What if you held a clinical trial and nobody came?
While plenty of patients are eager to participate, researchers often have difficulty reaching their target enrollments for clinical trials, the goal of which is to determine the safety and efficacy of new drugs or therapies before they are brought to market. This can lead to delays and to ballooning costs for the therapies’ sponsors.
Now, though, there’s help. Last month the MGH Martinos Center’s Ned Ohringer and colleagues introduced a software concept that matches patients with clinical trials they are actually likely to join, thus providing a way to overcome shortfalls in recruitment.
Here’s how it works. Typically, doctors seek to enroll patients in the trials based on specific inclusion and exclusion criteria: stage of the disease, treatment history, etc. But their efforts fail to take into account the patients’ own criteria in deciding whether to participate: for example, how far would they have to travel, does the study involve oral or intravenous medication, and what are the expected side effects? The proposed software would help to address this oversight by targeting what the developers call “patient values.” Patients could choose and rank their preferences with respect to these criteria. The software would then find the trials that best match their priorities, improving the odds they will decide to enroll.
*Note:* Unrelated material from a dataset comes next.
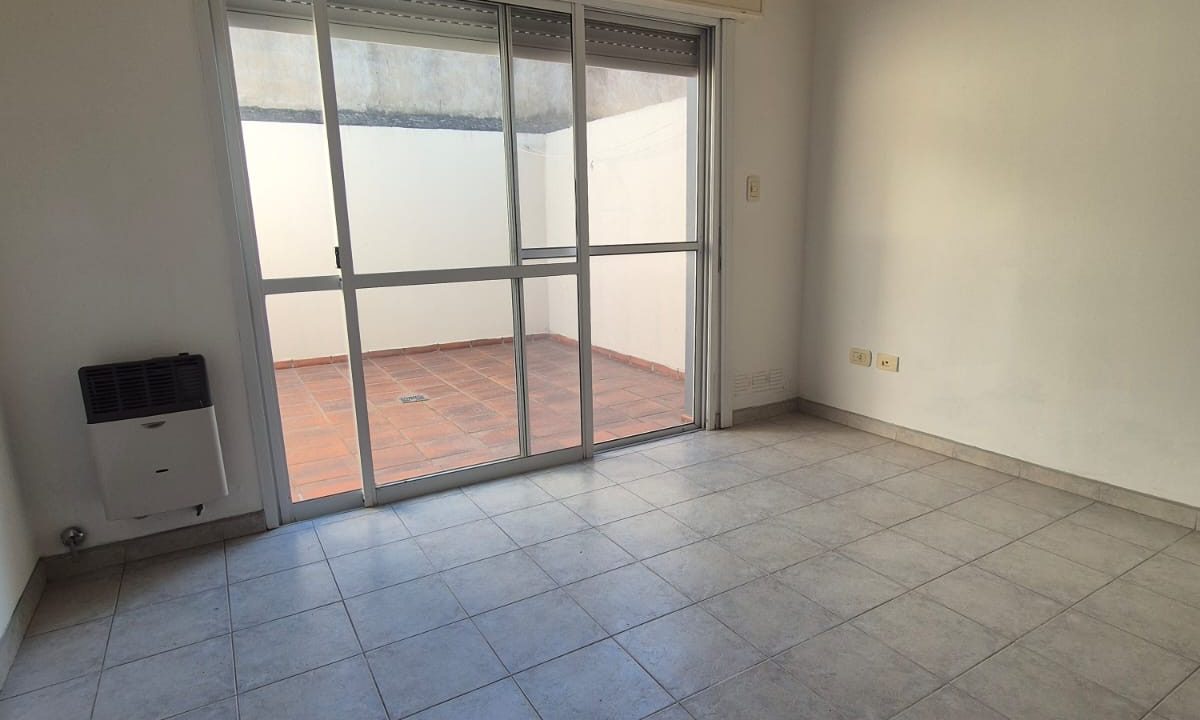 24a69ee3-5c2f-453c-a448-4d9987f12244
“We’ve been surprised to see that other groups or platforms involved with clinical trial recruitment do not mention or emphasize patient values as a means of matching patients to trials,” said Ohringer, a clinical research coordinator in the Center and one of the members of the team assembled to develop the software concept. At the hackathon, he was primarily responsible for reviewing the literature for current statistics and applying his knowledge of clinical research to the conceptual framework. “We think that we can enhance the number of patients enrolling in clinical trials. Similarly, we think that if patients are able to select these trials based on their ranked preferences, the likelihood of the trial enrolling enough appropriate patients will increase.”
The software concept emerged from a heady 48 hours at the MIT Hacking Medicine “Grand Hack 2017,” an annual event where people from throughout the medical and other communities gather to brainstorm and develop innovative solutions for a host of issues in healthcare. Ohringer’s team at the hackathon—which also comprised oncologists, business professionals, clinical trial researchers, and computer scientists—identified and tackled the problem of low recruitment in clinical trials, earning them a $1000 Koch Institute Best Cancer Hack prize. They are now moving forward with development of the software.
In the image above: A team including physician researchers, software developers and more came up with the software concept at the MIT Hacking Medicine Grand Hack 2017. From left to right: Jason Cardinal, MD; Daniel Kezerashvili; John Silberholz, PhD; Eddy Chen, MD; Anisa Mohammed, MBA; Ned Ohringer; Rosanna Zhang; and Sean Kearin, MD.